My empty pastures speak to me, the ghosts of my life here part of the soil, built into the barns. Carol dying in the Pole Barn (the middle). Maria and I getting married in the big barn (the shadow.) Opening up Bedlam Farm to the Pig Barn Art Shows (to the left). Restoring each barn, shoring up the foundations, painting each barn. Rose’s ashes scattered below the pole barn, where she patrolled. Rabid raccoons and skunks shot there. Foxes attacked there, and howling blizzards covered the barns countless times. Orson buried up on the hill. Lambs born there, lambs died there. Emotion to be leaving, but when all is said and done, sad is not really what I feel. More the need to honor the memories there, the storms, the falls, the coyotes creeping down the hill, Rose charging up, then Red.

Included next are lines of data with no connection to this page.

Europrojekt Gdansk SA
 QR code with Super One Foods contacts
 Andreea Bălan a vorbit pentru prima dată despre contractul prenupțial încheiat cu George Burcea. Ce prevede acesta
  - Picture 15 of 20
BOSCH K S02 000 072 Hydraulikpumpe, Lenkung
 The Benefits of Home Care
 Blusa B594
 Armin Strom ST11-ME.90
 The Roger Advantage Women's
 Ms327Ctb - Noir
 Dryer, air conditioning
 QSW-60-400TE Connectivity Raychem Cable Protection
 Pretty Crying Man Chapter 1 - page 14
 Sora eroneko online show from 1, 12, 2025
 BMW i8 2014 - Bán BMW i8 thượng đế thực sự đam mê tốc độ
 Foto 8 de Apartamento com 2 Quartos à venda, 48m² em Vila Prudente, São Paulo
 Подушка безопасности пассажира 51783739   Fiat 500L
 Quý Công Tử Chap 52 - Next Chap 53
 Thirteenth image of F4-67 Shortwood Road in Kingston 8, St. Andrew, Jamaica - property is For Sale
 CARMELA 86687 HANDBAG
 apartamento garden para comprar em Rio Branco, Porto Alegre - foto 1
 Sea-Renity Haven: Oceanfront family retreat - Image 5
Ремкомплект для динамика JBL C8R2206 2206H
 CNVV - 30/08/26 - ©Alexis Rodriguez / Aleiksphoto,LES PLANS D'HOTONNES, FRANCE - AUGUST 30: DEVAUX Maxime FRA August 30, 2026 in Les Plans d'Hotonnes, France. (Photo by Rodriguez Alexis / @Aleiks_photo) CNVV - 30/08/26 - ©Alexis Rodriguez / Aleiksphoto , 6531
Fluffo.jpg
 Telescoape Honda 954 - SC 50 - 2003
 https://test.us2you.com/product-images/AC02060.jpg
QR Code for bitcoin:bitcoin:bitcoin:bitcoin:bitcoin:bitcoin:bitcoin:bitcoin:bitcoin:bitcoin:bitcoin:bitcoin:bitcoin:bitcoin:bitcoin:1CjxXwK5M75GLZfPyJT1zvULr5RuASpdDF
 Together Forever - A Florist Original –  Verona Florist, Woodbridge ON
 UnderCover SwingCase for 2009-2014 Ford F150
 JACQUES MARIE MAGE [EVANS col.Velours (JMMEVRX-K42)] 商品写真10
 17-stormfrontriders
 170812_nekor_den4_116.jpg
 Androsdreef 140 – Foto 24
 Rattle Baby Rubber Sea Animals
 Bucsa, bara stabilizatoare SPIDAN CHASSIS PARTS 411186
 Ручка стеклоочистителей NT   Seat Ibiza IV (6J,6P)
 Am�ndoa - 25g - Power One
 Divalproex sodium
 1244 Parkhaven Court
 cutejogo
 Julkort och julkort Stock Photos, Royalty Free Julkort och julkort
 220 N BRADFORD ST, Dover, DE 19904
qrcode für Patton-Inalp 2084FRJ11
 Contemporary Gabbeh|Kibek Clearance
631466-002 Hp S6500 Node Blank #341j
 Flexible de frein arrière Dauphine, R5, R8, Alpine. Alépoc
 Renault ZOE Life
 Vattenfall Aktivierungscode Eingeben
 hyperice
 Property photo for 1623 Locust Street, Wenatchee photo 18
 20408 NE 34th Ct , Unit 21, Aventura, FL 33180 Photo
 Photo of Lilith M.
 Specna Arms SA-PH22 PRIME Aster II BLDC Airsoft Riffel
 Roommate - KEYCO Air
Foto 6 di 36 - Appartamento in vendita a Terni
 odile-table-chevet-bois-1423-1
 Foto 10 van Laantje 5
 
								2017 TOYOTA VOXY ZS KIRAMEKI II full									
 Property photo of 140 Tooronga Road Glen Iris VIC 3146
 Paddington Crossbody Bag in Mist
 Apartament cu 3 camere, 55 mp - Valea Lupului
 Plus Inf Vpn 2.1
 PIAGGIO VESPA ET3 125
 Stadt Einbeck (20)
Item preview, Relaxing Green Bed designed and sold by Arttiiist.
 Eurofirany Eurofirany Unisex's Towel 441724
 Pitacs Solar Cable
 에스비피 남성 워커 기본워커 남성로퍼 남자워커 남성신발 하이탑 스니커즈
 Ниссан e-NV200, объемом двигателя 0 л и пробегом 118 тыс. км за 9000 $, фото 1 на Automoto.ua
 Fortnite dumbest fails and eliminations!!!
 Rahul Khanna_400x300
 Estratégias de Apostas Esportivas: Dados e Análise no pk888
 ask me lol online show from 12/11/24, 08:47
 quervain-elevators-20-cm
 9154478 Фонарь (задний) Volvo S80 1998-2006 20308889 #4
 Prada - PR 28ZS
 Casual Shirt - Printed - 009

My first winter here on that hill, reading to the dogs from St. Augustine in the chairs at the top of the hill, taking the sheep over the hill into the woods, feeling that first gorgeous embrace with the natural world. I am off soon to make new memories, see and make new ghosts, chronicle new adventures. I have the crew to do it – Red, Lenore, Frieda. Lulu, Simon, Fanny. Cats and chickens. And Maria, my heart and partner. Empty pastures that were once full and will be once again.
My work is to chronicle the real life of real animals in a very real place. It is not always cute, does not always work, is not always happy or pretty. In our rush to love animals, we sometimes think we can create paradise for them, a perfect world in which they never know pain or fear, suffering or brutality. But that is not the real world of real animals, and I hope I never shy away from telling that part of the story as fully and truthfully as the part that is cute and endearing. The empty pasture taught me this, so much real life happened there.